Every client engagement ends up in a status doc or a deck. The data that drives those decks lives in a project tracker as flat rows of tasks, dates, and owners, useful to a project manager but the wrong shape for a client. The Timeline Generator translates one into the other automatically: upload a task export, get back a quarter-grouped, color-coded waterfall as both an editable Excel and a finished PDF.
The problem
Project managers were spending hours each week translating task lists into client-facing waterfall charts. The data was already structured. The manual work was reshaping it into a timeline, applying phase colors, marking holidays, exporting to PDF, and doing it all again the next time the schedule moved.
Every team had a slightly different Excel template. Some used flat tables with named columns, some used sectioned layouts with section headers and repeating timeline rows, some used positional formats from the project tracker's default export. Any tool that demanded a single canonical shape would fail on contact with the real files. The tool had to bend to the templates, not the other way around.
The brief I gave myself: given any reasonable Excel export of a project plan, produce the waterfall a careful project manager would build by hand, as both an editable Excel and a polished PDF.
The architecture
Timeline Generator is a Flask web app behind nginx on EC2. The flow is the obvious one: a project manager uploads one or more Excel files, the server parses them, applies phase colors and holiday blocks from a config file, and generates both an Excel and a PDF report. The PM downloads either or both. There's a Server-Sent Events progress stream so the long-running parse and render don't look like a frozen browser tab.
Parser
The parser is the part that does the most quiet work. It accepts the messy reality of real project exports: case-insensitive header detection, flexible column naming (Start Date, Timeline Start, Begin all map to the same field), section headers as title rows, repeated timeline headers under each section, and a positional fallback when no headers are recognised at all. Dates are parsed through python-dateutil so a value like 3/2/2025 and 02-Mar-2025 both land in the same place. The principle is that the tool reads whatever a PM saved, not whatever a tool expects.
Generator
Tasks are grouped by phase and laid out across a calendar grid built with openpyxl. Each phase carries a configured color, applied as a PatternFill on the cells that span its dates, with text color chosen automatically against the background luminance so labels stay readable. Holidays and blackouts are rendered as dark columns running the full height of the chart so they read at a glance. The same data is then handed to ReportLab to produce a PDF version, sized and styled for client share.
Excel and PDF, both
Producing both formats was a deliberate decision. The Excel is the working artifact: a PM can adjust a date, fix a typo, hide a column, then re-export to PDF themselves. The PDF is the finished one: locked layout, consistent styling, what actually goes to the client. Either is one download away. Building only the PDF would have created a new manual step every time the plan changed by a day.
Config-as-code
Phase categories, the color palette, and the holiday calendar all live in a Python config file (with a JSON override for environment-specific tweaks). Changing a phase color, adding a new category, or marking a quiet-period across the team is a config edit, not a code change. The config reloads on the next report, so a tweak today shows up in the next download with no restart.
Key decisions
Web app, not a CLI
A CLI would have been faster to build but slower to adopt. Project managers don't run Python scripts; they upload files. A small Flask app with a drag-and-drop upload and two download buttons puts the tool in the hands of every PM, not just the ones comfortable in a terminal. The discipline in internal tooling is making the right thing the easy thing.

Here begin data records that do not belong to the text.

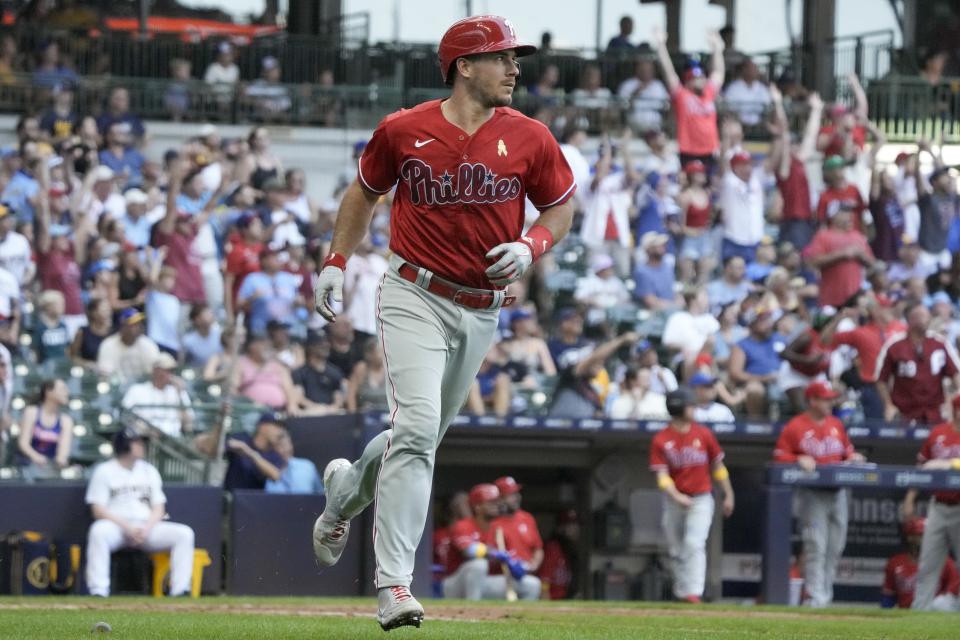 Philadelphia Phillies' J.T. Realmuto hits a home run during the seventh inning of a baseball game against the Milwaukee Brewers Sunday, Sept. 3, 2023, in Milwaukee. (AP Photo/Morry Gash)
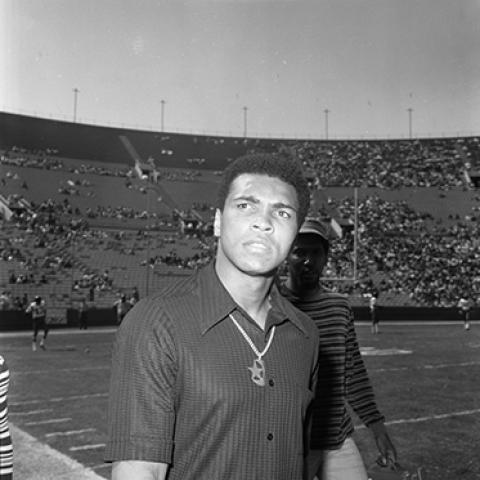 Heavyweight boxing champion and activist Muhammad Ali attends the Freedom Football Classic at Los Angeles Memorial Coliseum. Civil rights activist Willis Edwards is standing behind Ali, 1973. Harry Adams Collection. ID: 93.01.HA.N120.B25.11.51.02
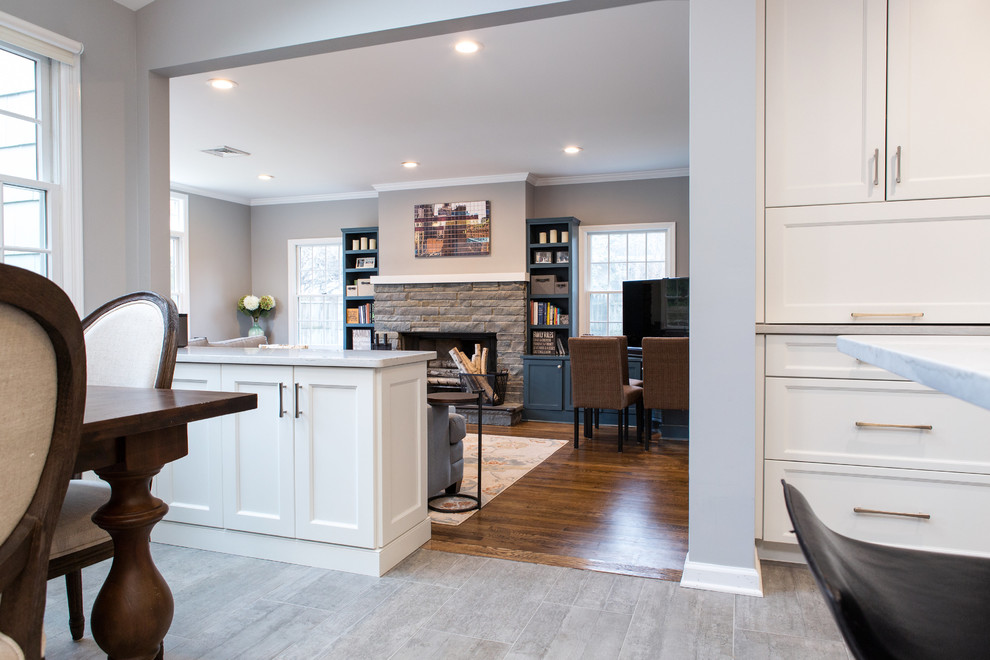 Large transitional ceramic tile open concept kitchen photo in New York with an undermount sink, shaker cabinets, white cabinets, quartz countertops, gray backsplash, ceramic backsplash, stainless steel appliances and an island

Bend to the templates, not the other way around
The temptation with multi-format input is to publish a single canonical schema and reject anything that doesn't match. That works for an API. It fails for tools used by humans, where the input is whatever the human's tracker happens to export this week. Building the parser to accept the real shapes of real files (with named-column, sectioned, and positional fallbacks) made the tool useful on day one rather than after a template migration.
Microsoft auth gate, optional
In production the app sits behind Microsoft Entra (Azure AD) SSO so only the team can reach it. Auth is toggled by an environment variable, so the same code runs unauthenticated in local dev and gated in production. One codebase, one deploy story, two modes.
Tests for the parser, not the UI
The parser is the part most likely to break on a new template, so it has the heaviest test coverage: unit tests for column detection, integration tests against real anonymised exports, end-to-end tests through the full upload-to-download path. The UI is intentionally thin, which keeps the test pyramid sane.
Outcomes
The outcome that matters most is the hardest one to put a number on: reports stay consistent. Every PM produces the same kind of waterfall in the same colors with the same holiday markers, because the tool does the formatting. The "is this on-brand?" tax that every hand-built report carries is simply gone.
What I'd do differently
I'd build a small templates layer sooner. Today a PM picks phase colors and holidays from the global config, which is fine for the common case but means every project that diverges from the default has to ride on the default. A per-project template that captures the phase palette and any project-specific dates would let a PM save their setup once and reuse it.
I'd also add report history. Right now generated reports are written to a temporary folder and cleared on a schedule. A persistent per-user history (with a "regenerate from the same inputs" button) would turn the tool from a one-shot generator into a small archive of every status report the team has ever produced.